The validity of the proceedings taken by the city for the purpose of carrying out the grade-elimination project are not now questioned. The regularity and validity of the action of the glass company against the city for damages and the action of the trust company to foreclose its mortgage on the property, subject to the rights acquired by the city, do not present any issues for determination in this action because the judgments in those actions have long since become final.

Under the amended pleadings in this case and the facts developed under them as above recited, this action on its third trial is clearly one to subject the funds in the hands of the city, representing the diminished value of the mortgaged property, to the satisfaction of the unpaid balance of the bank's claim so far as sufficient for that purpose, after crediting upon such mortgage the funds derived from the foreclosure sale of the remainder of the property. As in the case of taking property incumbered by liens under the power of eminent domain, the mortgage lien in this case, under the principle of equitable conversion, attached to the fund, and the city thus acquiring the property, became a resulting trustee responsible for the proper distribution of such funds. State Avenue Loan Building Co. v. Spiegel, 131 Ohio St. 488, 3 N.E.2d 412.

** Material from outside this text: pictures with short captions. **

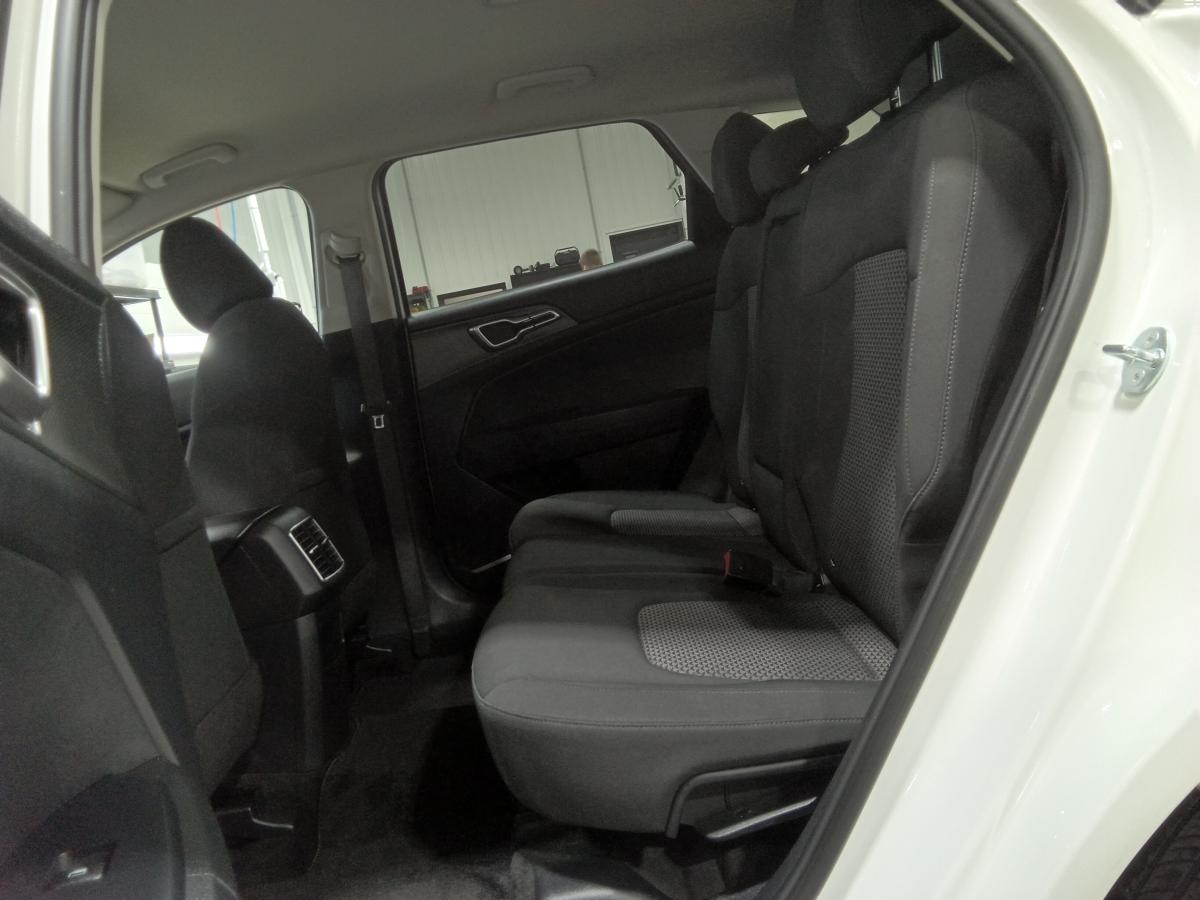 2023 Kia Sportage - Image 19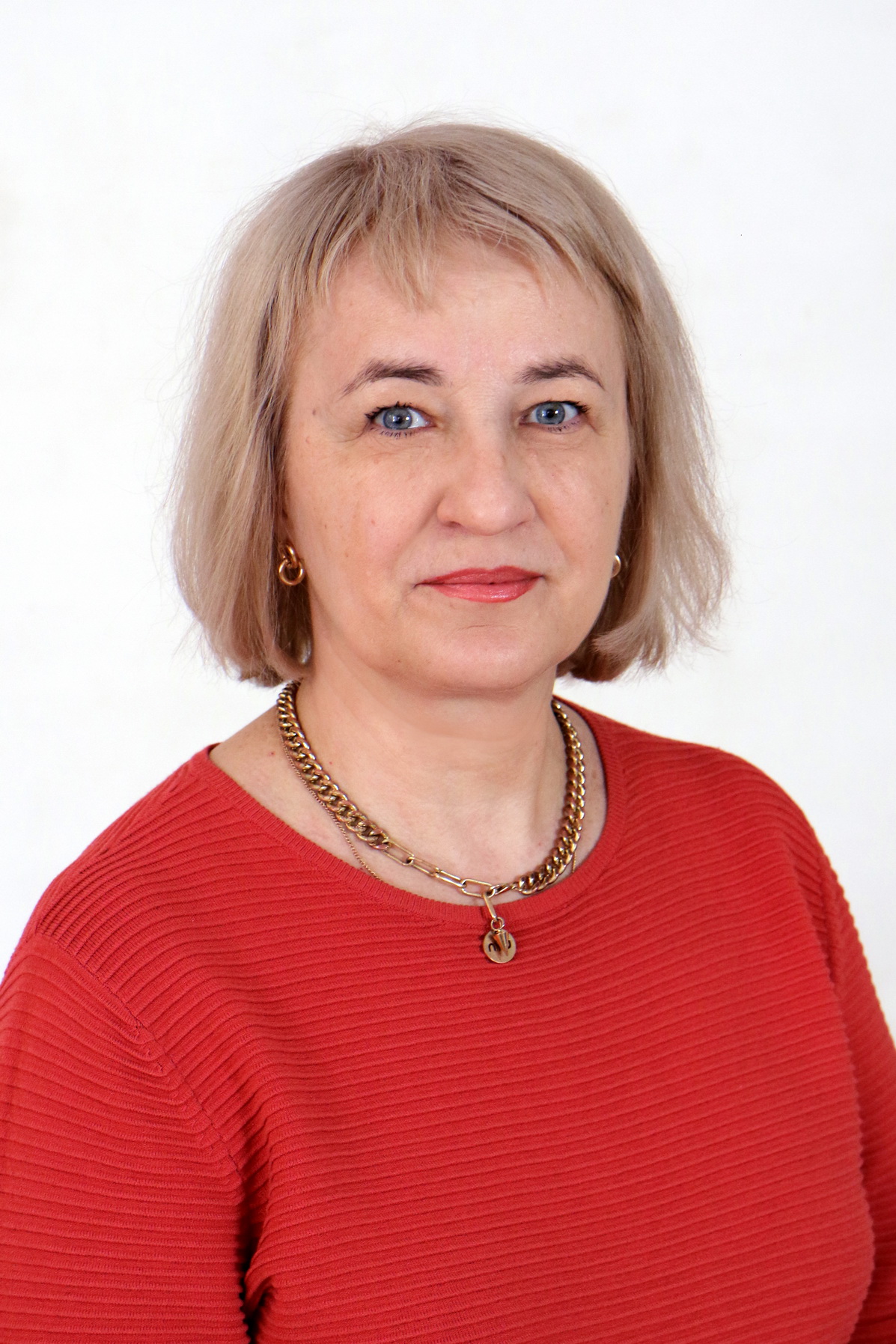 Сотникова Татьяна Ивановна.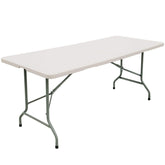 Mesa FORUP vista frontal mostrando superficie amplia y color blanco para eventos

The rights of the mortgagee under the circumstances of this case are stated in 18 American Jurisprudence, 868, Section 235, as follows:

"It is a general and well-established rule that, when mortgaged property is taken by eminent domain, or damaged to such an extent that the security of the mortgage is impaired, the mortgagee's rights against the land follow the award, and he may have the mortgage debt satisfied out of that fund in advance of other creditors of the mortgagor, if he takes the burden upon himself of enforcing his rights in that regard. * * * The view obtaining in a majority of jurisdictions is that, where mortgaged land is taken or damaged in eminent domain proceedings, the mortgagee is entitled either to the whole of the award made for the condemned land, or to a share thereof to the extent of his interest or damage. Thus, where the whole of the mortgaged land is taken in the proceedings, the mortgagee is entitled to the entire award or at least to so much of it as is necessary to satisfy the mortgage indebtedness. Where only a part of mortgaged property is taken, the mortgagee is entitled, generally speaking, to only so much of the award as is necessary to compensate him for his interest in the part taken. On the ground that the lien of the mortgage is a property right, it has been held that, even when a mortgage is only a lien, the mortgagee may recover compensation directly from the condemning party, although the mortgagor has already been paid the full value of the land. * * * If the mortgagee seeks in equity to follow the damages awarded, he must show that the property was so damaged as to be worth less than the debt secured." Citing Fidelity-Philadelphia Trust Co. v. Kraus, 325 Pa. 581, 190 A. 874, 110 A. L. R., 538. See Union Joint Stock Land Bank of Detroit v. Hurford, 53 Ohio App. 116, 4 N.E.2d 276; State Avenue Loan Building Co. v. Spiegel, supra.

The courts generally hold that where the mortgagee is not made a party in the appropriation proceeding, the lien follows the fund and the mortgagee may have it applied upon the mortgage debt. 2 Lewis on Eminent Domain (3 Ed.), 947, Section 523; State Avenue Loan Building Co. v. Spiegel, supra; Bellows v. B., C. M. Rd., 59 N.H. 491; Omaha Bridge Terminal Ry. Co. v. Reed, 69 Neb. 514, 96 N.W. 276; Calumet River Ry. Co. v. Brown, 136 Ill. 322, 26 N.E. 501, 12 L.R.A., 84.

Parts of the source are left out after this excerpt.